[WORK INSTRUCTIONS]
Reproduce, from the lines below, exactly the stretch that begins at the line containing "Thanks for watching." and ends at the line containing "Today I have", both included.

[EXERCISE INPUTS]
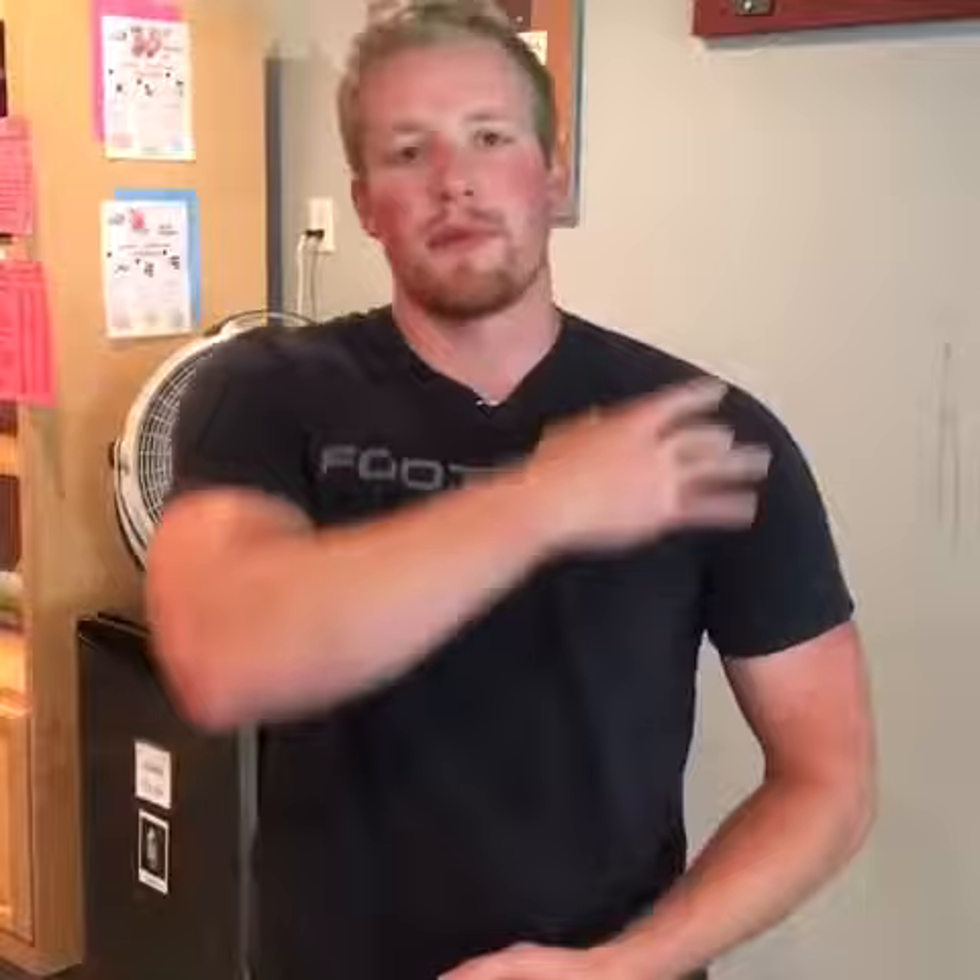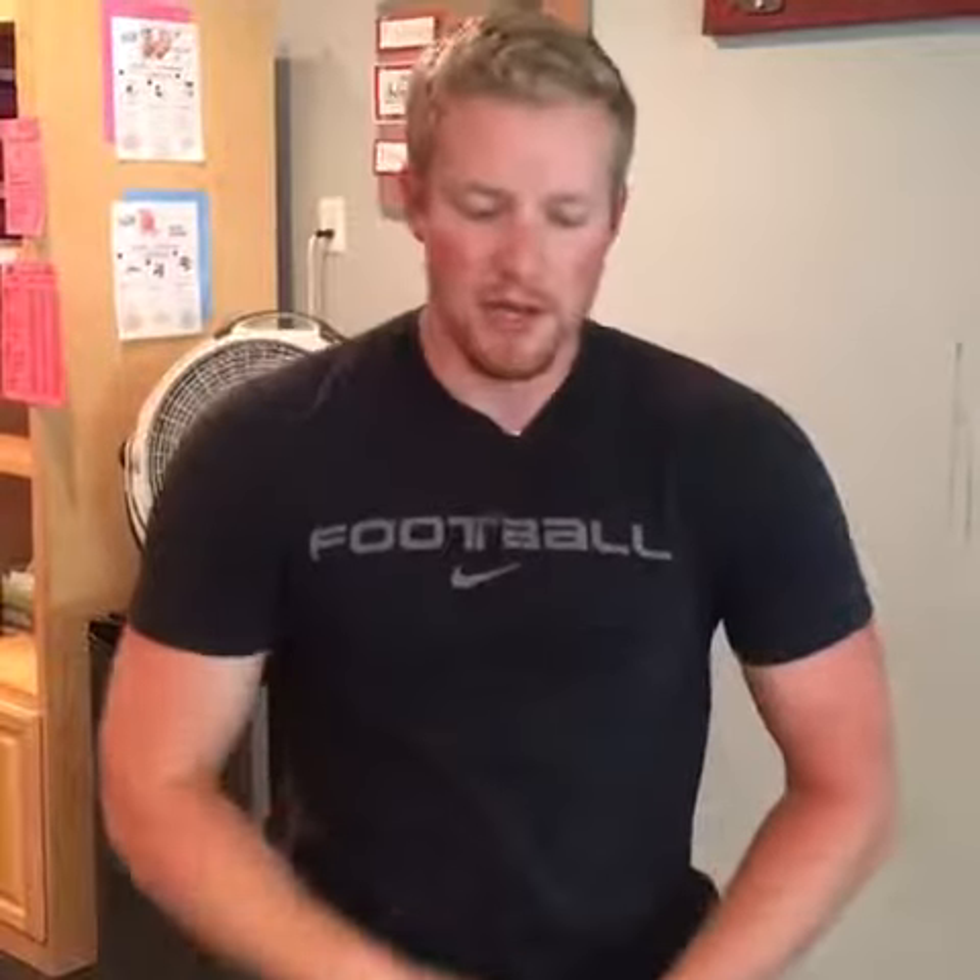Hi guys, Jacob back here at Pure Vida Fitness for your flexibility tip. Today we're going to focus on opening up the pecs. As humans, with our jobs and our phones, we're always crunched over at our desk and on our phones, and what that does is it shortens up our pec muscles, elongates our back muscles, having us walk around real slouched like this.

* * *

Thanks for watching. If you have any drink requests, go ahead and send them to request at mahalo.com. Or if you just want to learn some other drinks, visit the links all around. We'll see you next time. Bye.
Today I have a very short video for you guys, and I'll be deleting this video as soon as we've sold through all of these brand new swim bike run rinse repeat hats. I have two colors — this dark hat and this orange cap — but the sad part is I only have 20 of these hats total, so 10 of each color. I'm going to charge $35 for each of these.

[YOUR RESPONSE]
Thanks for watching. If you have any drink requests, go ahead and send them to request at mahalo.com. Or if you just want to learn some other drinks, visit the links all around. We'll see you next time. Bye.
Today I have a very short video for you guys, and I'll be deleting this video as soon as we've sold through all of these brand new swim bike run rinse repeat hats. I have two colors — this dark hat and this orange cap — but the sad part is I only have 20 of these hats total, so 10 of each color. I'm going to charge $35 for each of these.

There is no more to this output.